Dataset records
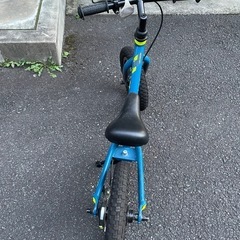 バランスバイク　の画像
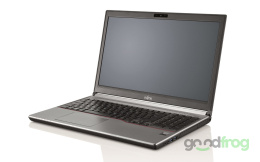 Fujitsu LifeBook E754 / 15-cali WLED / 8 GB RAM / SSD 256 GB / Windows 10/7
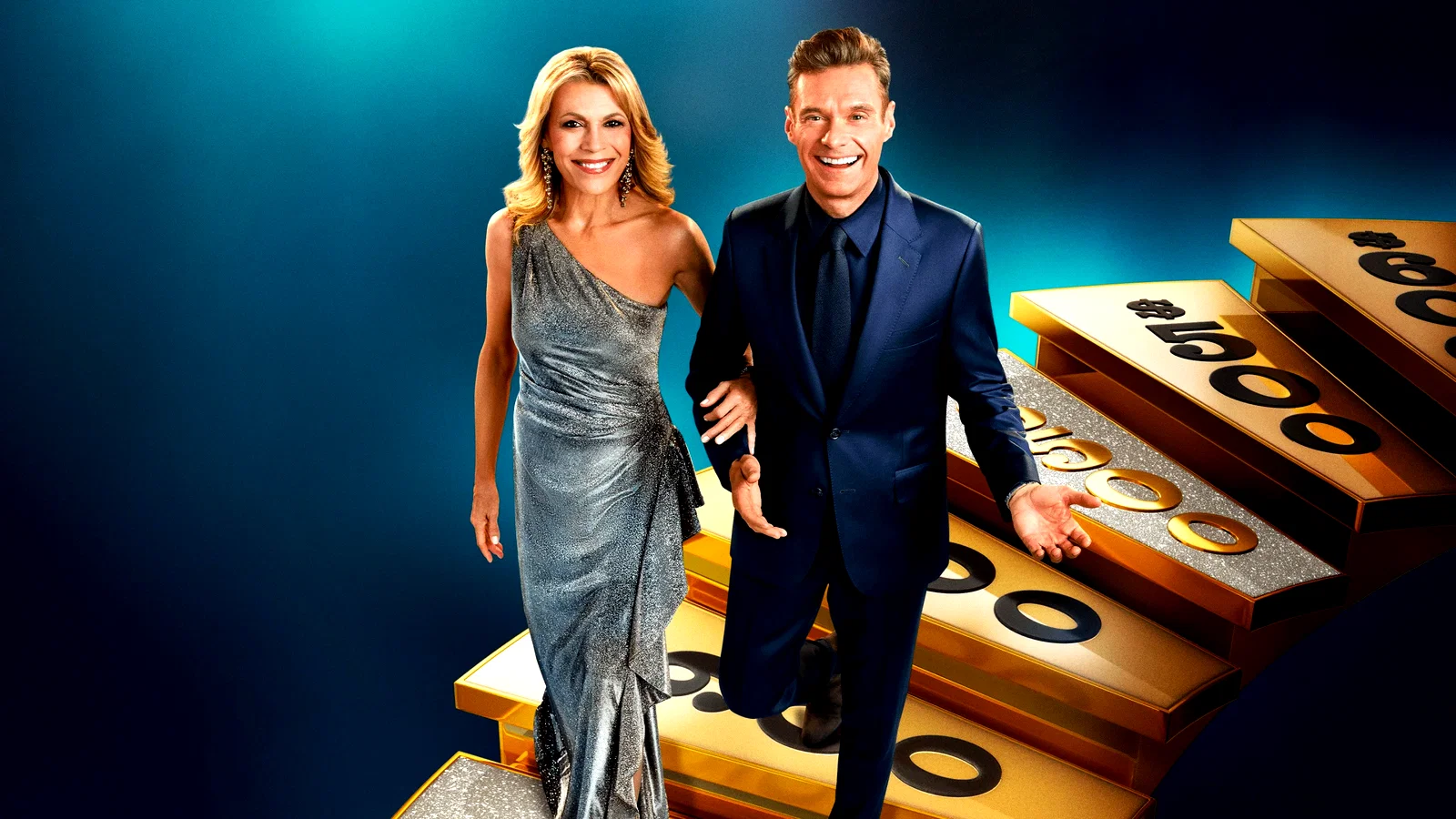 Photo 11 de la série : Celebrity Wheel of Fortune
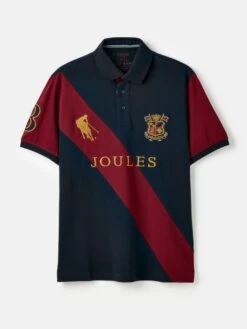 Navy Polo Shirt -Elite Fashion Shop U75 496s8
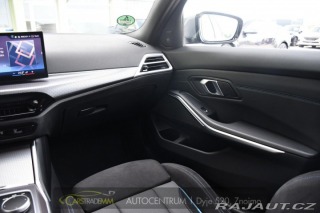 BMW 3 320D xDrive M-SPORT ČR 1. 2025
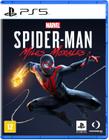 Jogo Marvel Spider-Man Miles Morales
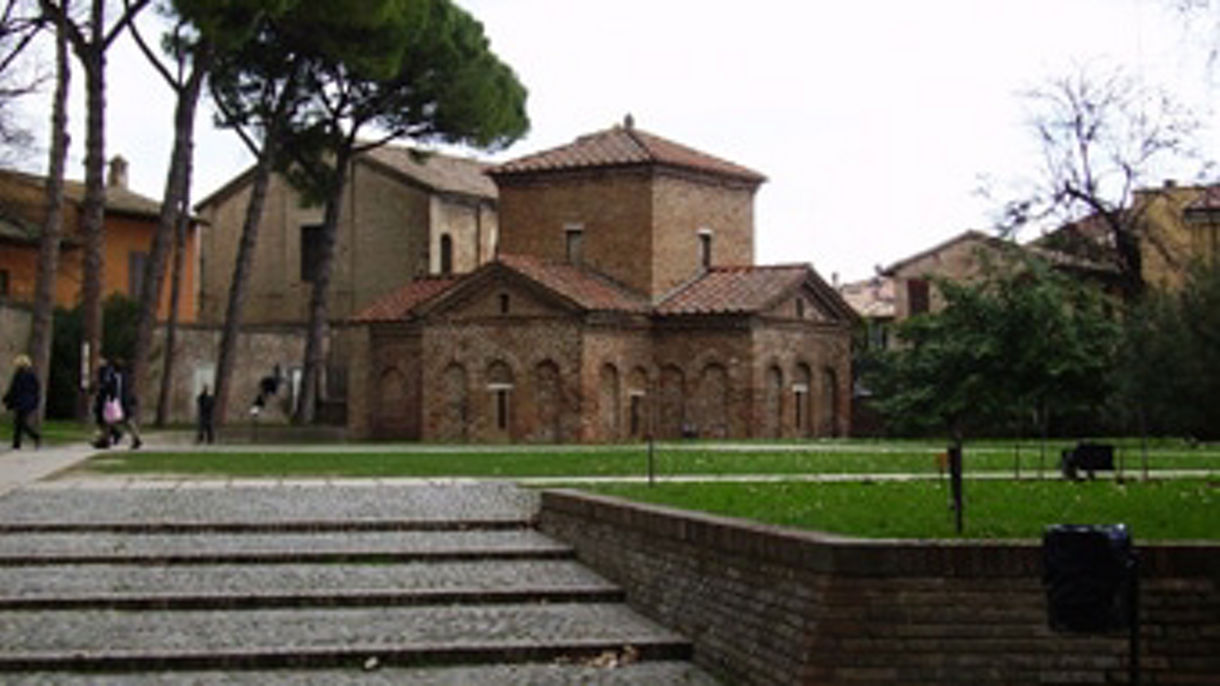 Ravenna, Basilica di San Vitale & Tasting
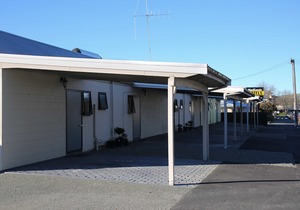 Mackenzie Motels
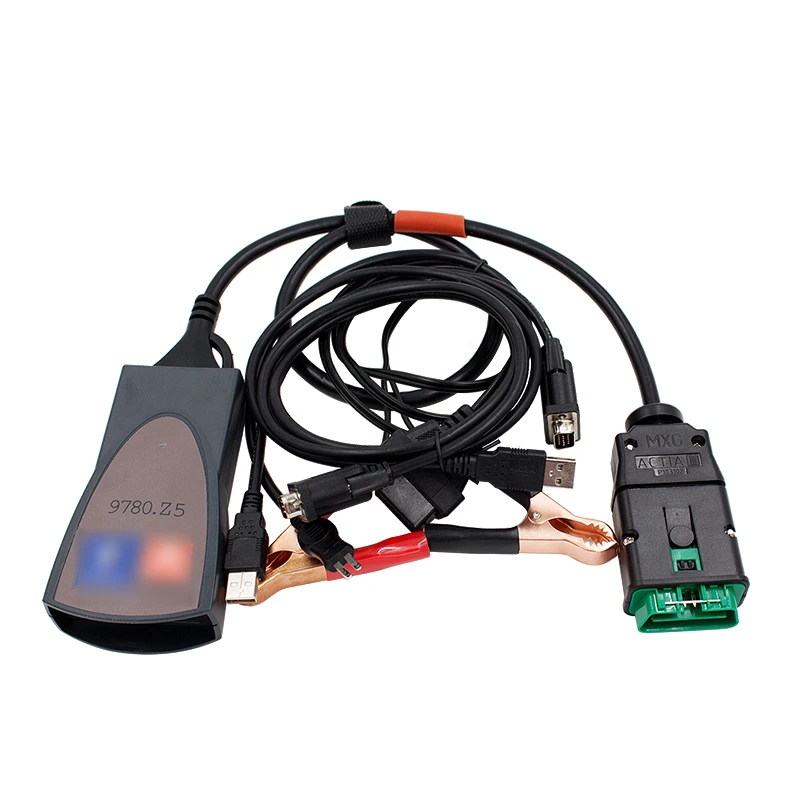 Диагностический инструмент для Lexia3 Pp2000 V7.83 Obd2 Fw 921815c Lexia 3 Diagbox 7 83 многоязычный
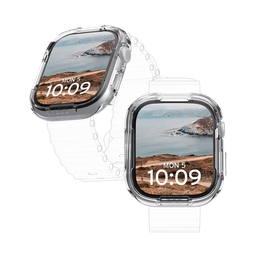 [1A4417114G4G] Funda Scout transparente de UAG para caja de 46 mm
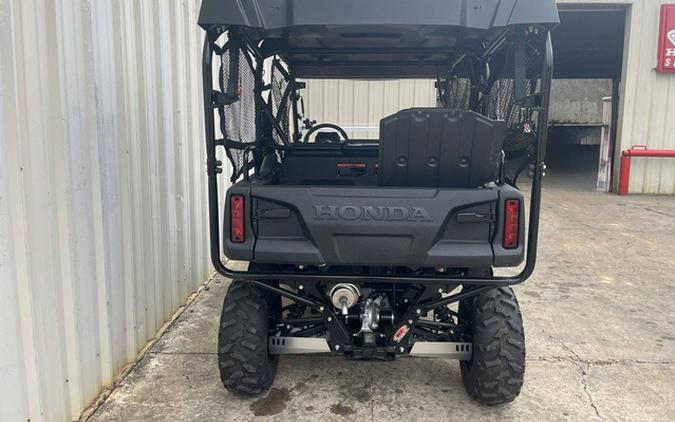 2026 Honda Pioneer 700-4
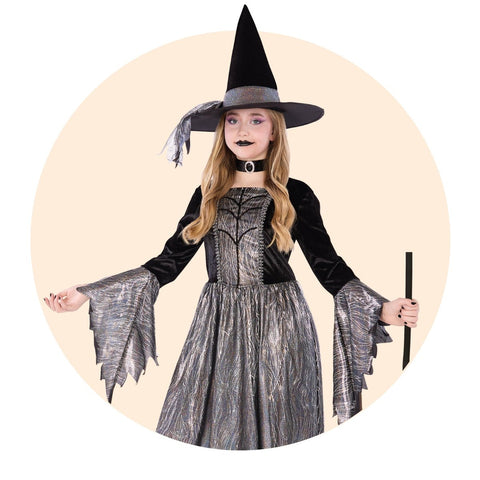 Witch Halloween Costumes - Party Expert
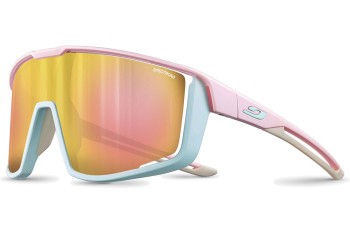 Ochelari de soare Julbo Fury J531 1141 Lentilă unică | Shield Multicolor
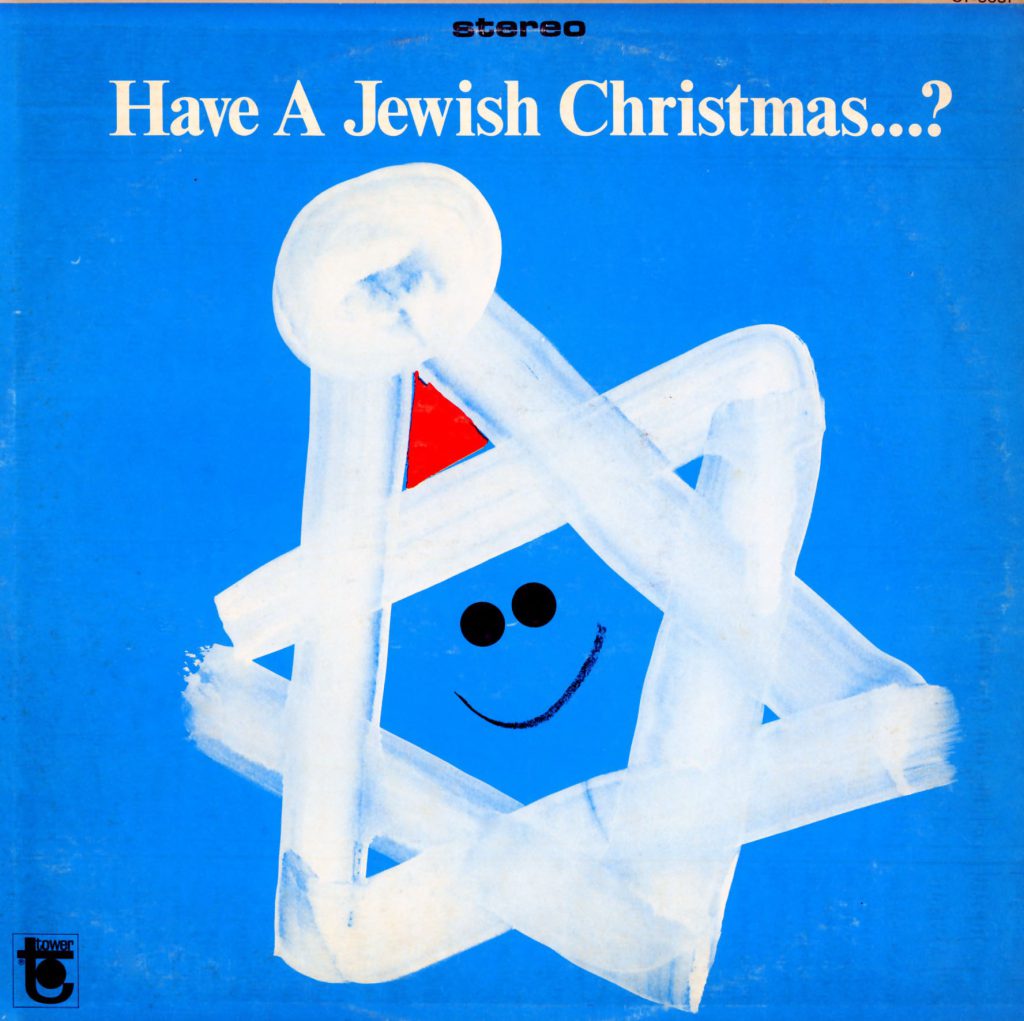 Jewish Christmas JewPop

» **Work item**: Please copy the data above character for character, skipping any pictures.

» **Result for this exercise**:
 バランスバイク　の画像
 Fujitsu LifeBook E754 / 15-cali WLED / 8 GB RAM / SSD 256 GB / Windows 10/7
 Photo 11 de la série : Celebrity Wheel of Fortune
 Navy Polo Shirt -Elite Fashion Shop U75 496s8
 BMW 3 320D xDrive M-SPORT ČR 1. 2025
 Jogo Marvel Spider-Man Miles Morales
 Ravenna, Basilica di San Vitale & Tasting
 Mackenzie Motels
 Диагностический инструмент для Lexia3 Pp2000 V7.83 Obd2 Fw 921815c Lexia 3 Diagbox 7 83 многоязычный
 [1A4417114G4G] Funda Scout transparente de UAG para caja de 46 mm
 2026 Honda Pioneer 700-4
 Witch Halloween Costumes - Party Expert
 Ochelari de soare Julbo Fury J531 1141 Lentilă unică | Shield Multicolor
 Jewish Christmas JewPop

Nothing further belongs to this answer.